Your task is to reproduce exactly the lines from the line with "Comfort Inn Newport" through the end of the records below.

===== Records for this exercise

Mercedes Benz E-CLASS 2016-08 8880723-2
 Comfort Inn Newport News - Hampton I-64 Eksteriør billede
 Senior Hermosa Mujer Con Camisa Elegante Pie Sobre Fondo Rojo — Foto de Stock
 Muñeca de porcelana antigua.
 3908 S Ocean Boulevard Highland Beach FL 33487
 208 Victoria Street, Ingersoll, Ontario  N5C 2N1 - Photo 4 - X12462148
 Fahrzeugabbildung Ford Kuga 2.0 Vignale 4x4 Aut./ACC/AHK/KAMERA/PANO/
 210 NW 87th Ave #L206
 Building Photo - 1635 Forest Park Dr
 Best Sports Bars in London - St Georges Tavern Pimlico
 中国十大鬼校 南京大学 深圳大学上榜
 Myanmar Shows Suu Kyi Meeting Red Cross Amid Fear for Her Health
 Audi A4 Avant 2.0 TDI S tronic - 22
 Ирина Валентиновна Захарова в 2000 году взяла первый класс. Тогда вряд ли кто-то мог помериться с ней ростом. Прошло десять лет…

==========

• Task answer:
 Comfort Inn Newport News - Hampton I-64 Eksteriør billede
 Senior Hermosa Mujer Con Camisa Elegante Pie Sobre Fondo Rojo — Foto de Stock
 Muñeca de porcelana antigua.
 3908 S Ocean Boulevard Highland Beach FL 33487
 208 Victoria Street, Ingersoll, Ontario  N5C 2N1 - Photo 4 - X12462148
 Fahrzeugabbildung Ford Kuga 2.0 Vignale 4x4 Aut./ACC/AHK/KAMERA/PANO/
 210 NW 87th Ave #L206
 Building Photo - 1635 Forest Park Dr
 Best Sports Bars in London - St Georges Tavern Pimlico
 中国十大鬼校 南京大学 深圳大学上榜
 Myanmar Shows Suu Kyi Meeting Red Cross Amid Fear for Her Health
 Audi A4 Avant 2.0 TDI S tronic - 22
 Ирина Валентиновна Захарова в 2000 году взяла первый класс. Тогда вряд ли кто-то мог помериться с ней ростом. Прошло десять лет…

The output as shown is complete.